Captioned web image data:
○ ○ ○ ○ ○

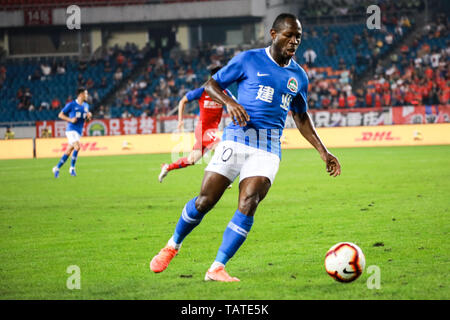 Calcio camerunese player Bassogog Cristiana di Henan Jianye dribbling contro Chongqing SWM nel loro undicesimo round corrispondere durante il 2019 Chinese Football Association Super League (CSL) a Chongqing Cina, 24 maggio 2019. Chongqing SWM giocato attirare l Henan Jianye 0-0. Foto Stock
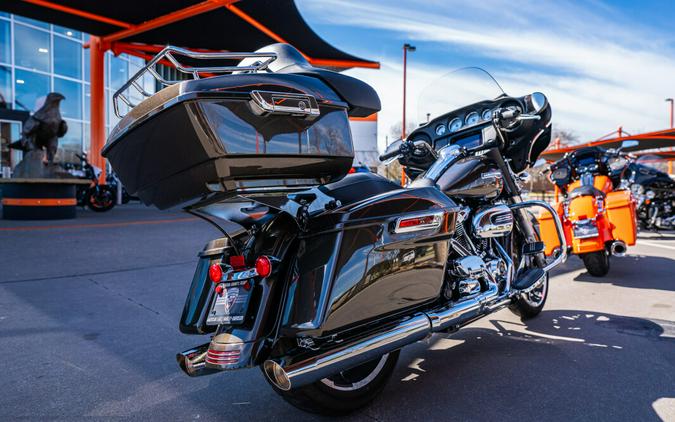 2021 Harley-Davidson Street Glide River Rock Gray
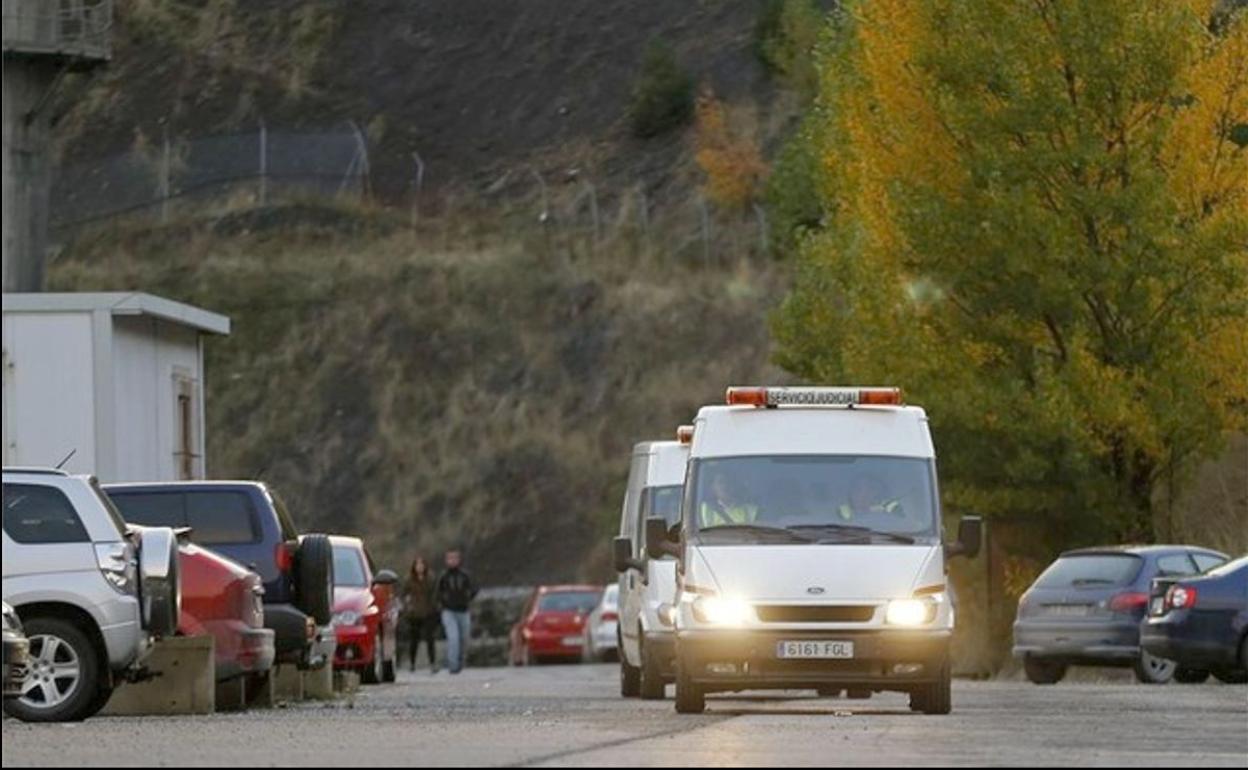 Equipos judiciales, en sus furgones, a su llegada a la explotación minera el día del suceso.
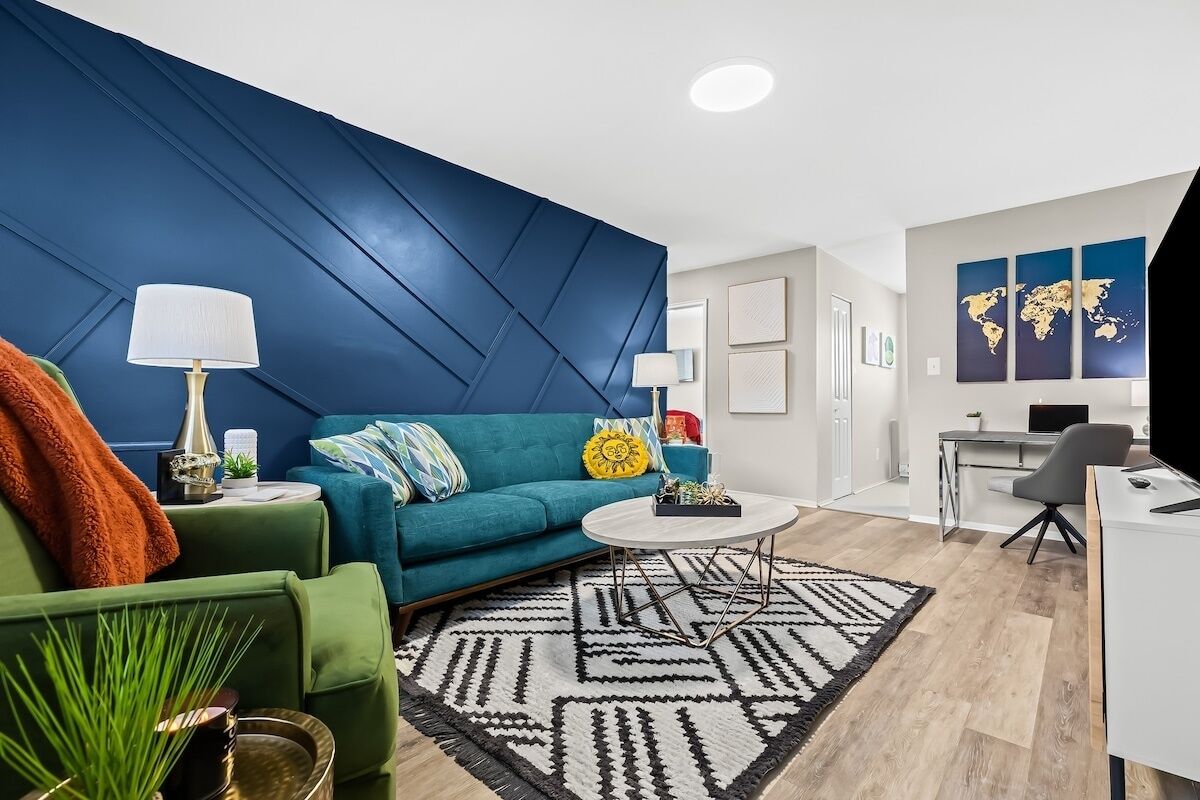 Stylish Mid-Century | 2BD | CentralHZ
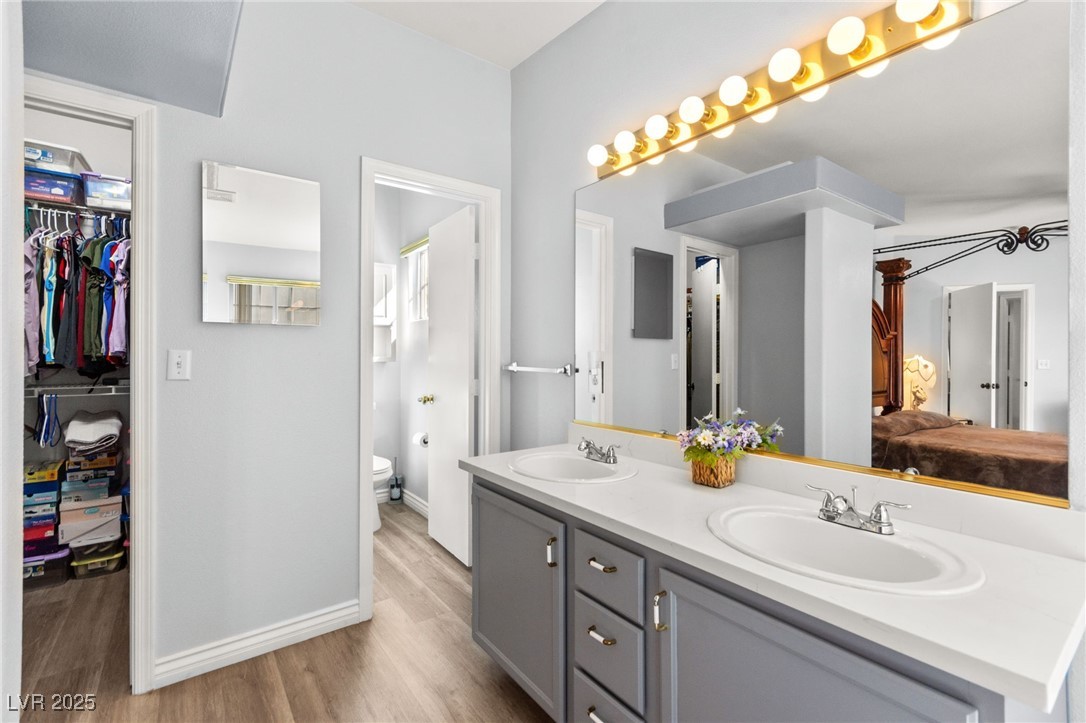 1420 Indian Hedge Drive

○ ○ ○ ○ ○

__TASK BRIEF__: Needed here is only the span from the line with "2021 Harley-Davidson Street" through the last line of the entries, copied exactly with both ends and without pictures.

__YOUR RESPONSE__:
 2021 Harley-Davidson Street Glide River Rock Gray
 Equipos judiciales, en sus furgones, a su llegada a la explotación minera el día del suceso.
 Stylish Mid-Century | 2BD | CentralHZ
 1420 Indian Hedge Drive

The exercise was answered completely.